I rent an apartment in a large-ish building (not owner-occupied). My landlord has been slackening on eradicating a pantry and clothing moth infestation in my apartment, other apartments, and the back hallway (common area). The infestation started in June 2018--over a year ago. Since then, I've caught hundreds of moths (in pheromone traps) in my apartment and the back hallway. The back hallway, in particular, is Moth Central.

Last year my landlord hired an exterminator whose treatments came w/ a 90-day warranty. The exterminator inspected and treated my apartment, my immediate next-door-neighbor's, and the back hallway--that's it. After the warranty ended, the infestation persisted, but my landlord refused to spend more money. The exterminator felt the infestation persisted b/c the moths were feeding on something that was not removed--but my landlord refused to inspect other apartments or tenant storage cabinets/closets in the back hallway.

I called the city's inspectional services department, and they sent an inspector. She cited my landlord—and then retracted her citation b/c, she claimed, she needed to see live moths, not dead moths caught on pheromone traps. (I checked the state building code, which does *not* require that inspections turn up live pests.)

Given my landlord's and the city’s lack of cooperation, when this past spring rolled around, the moth problem re-escalated. I called my landlord’s office, and my landlord's brother/partner told me, "I don't want to hear it" and "Just leave." That's the attitude I'm dealing with.
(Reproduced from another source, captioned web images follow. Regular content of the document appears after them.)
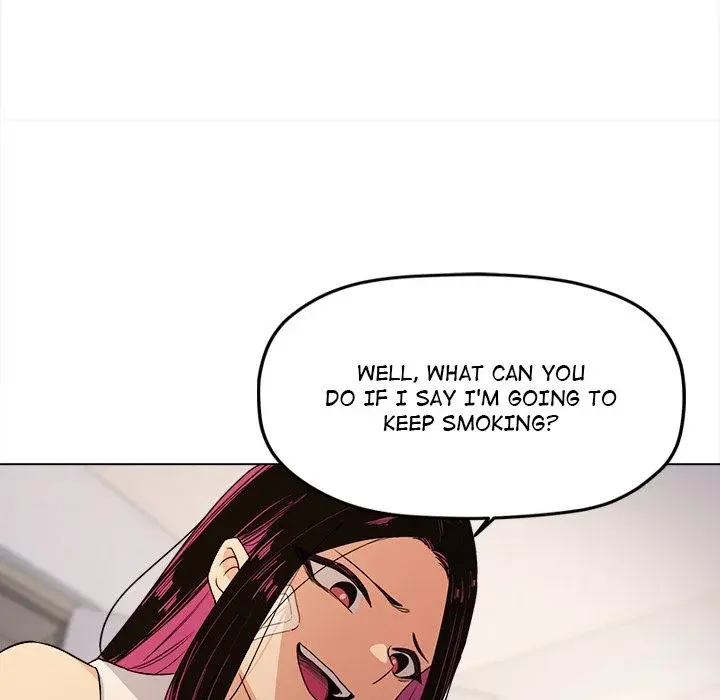 Someone Stop Her! Episode 1 - Page 246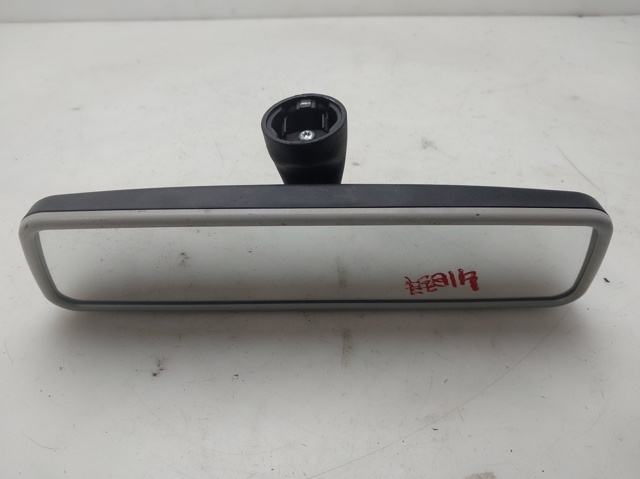 Venta de Retrovisor interior para Volkswagen Golf V segunda mano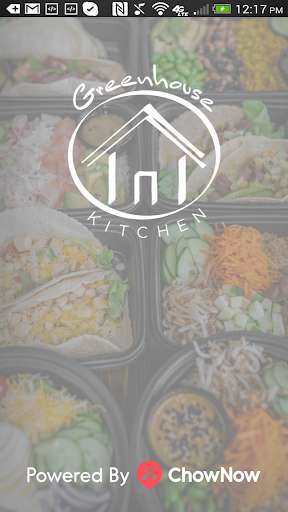 Run android online APK Greenhouse Kitchen IA from MyAndroid or emulate Greenhouse Kitchen IA using MyAndroid Run android online APK Greenhouse Kitchen IA from MyAndroid or emulate Greenhouse Kitchen IA using MyAndroid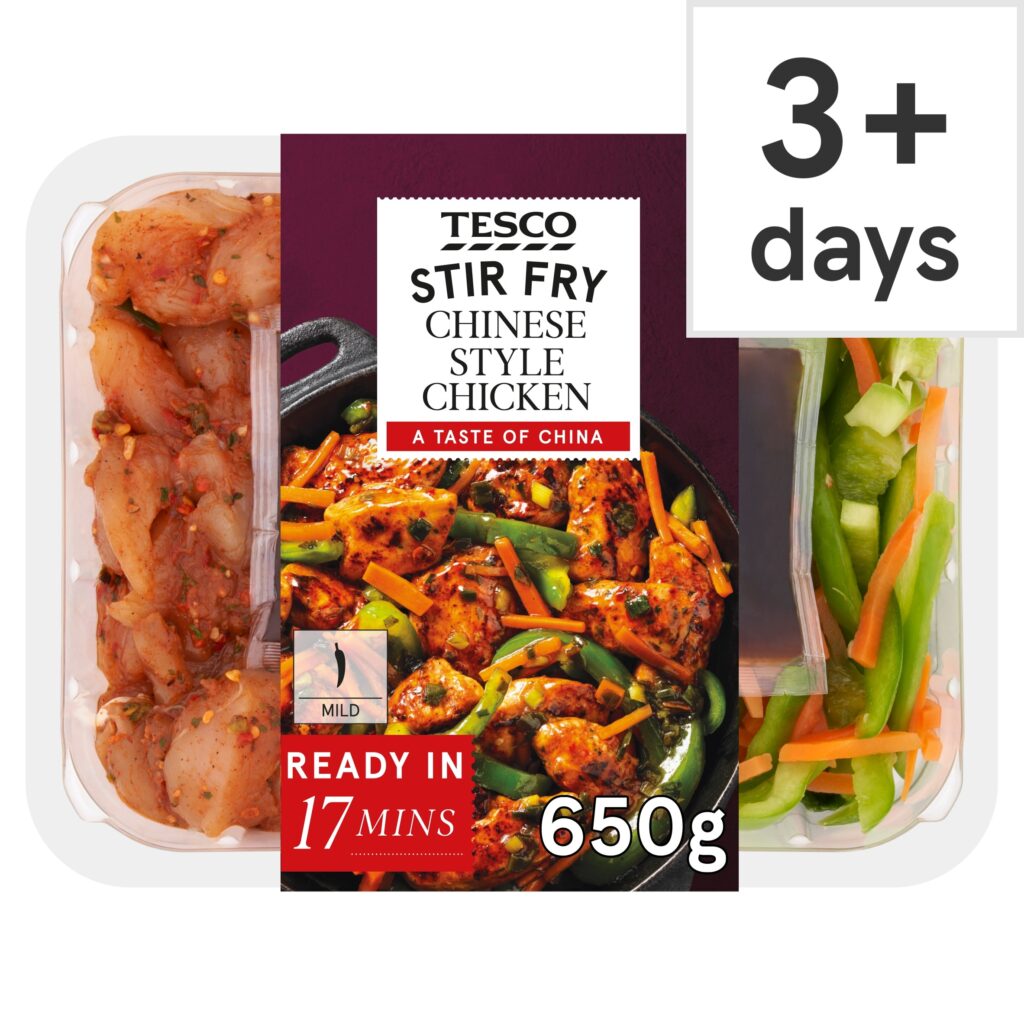 Tesco-Stir-Fry-Chinese-Style-Chicken-650g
Surprisingly, after dawdling and lying to me, my landlord did send an exterminator to inspect my unit and the back hallway. Based on the exterminator's recommendation, my landlord *finally* agreed to have other apartments, and back-hall storage cabinets/closets, inspected. The exterminator found evidence of moth activity in other apartments and back-hall storage closets. My landlord *finally* agreed to have my apartment, other apartments, back hallway, and tenant storage closets exterminated. The extermination took place 6.24.19--a whole month after my landlord’s brother/partner said, "I don't want to hear it." A month's delay in treating an escalating infestation is inexcusable and violates state building code.

Despite the 6.24.19 extermination, the moth infestation is worsening. The exterminator's 6.25.19 invoice said, "Follow up in 3 weeks." That was 5 weeks ago, and my landlord has yet to schedule another extermination. This, despite my telling the landlord several times that the problem persists. This, despite the fact that the 6.24.19 extermination came with a 90-day warranty (meaning my landlord needn't spend more money on follow-up exterminations through end of Sept). Bottom line: there's been just 1 extermination in the 2 months since I told my landlord's office that the problem had resurfaced.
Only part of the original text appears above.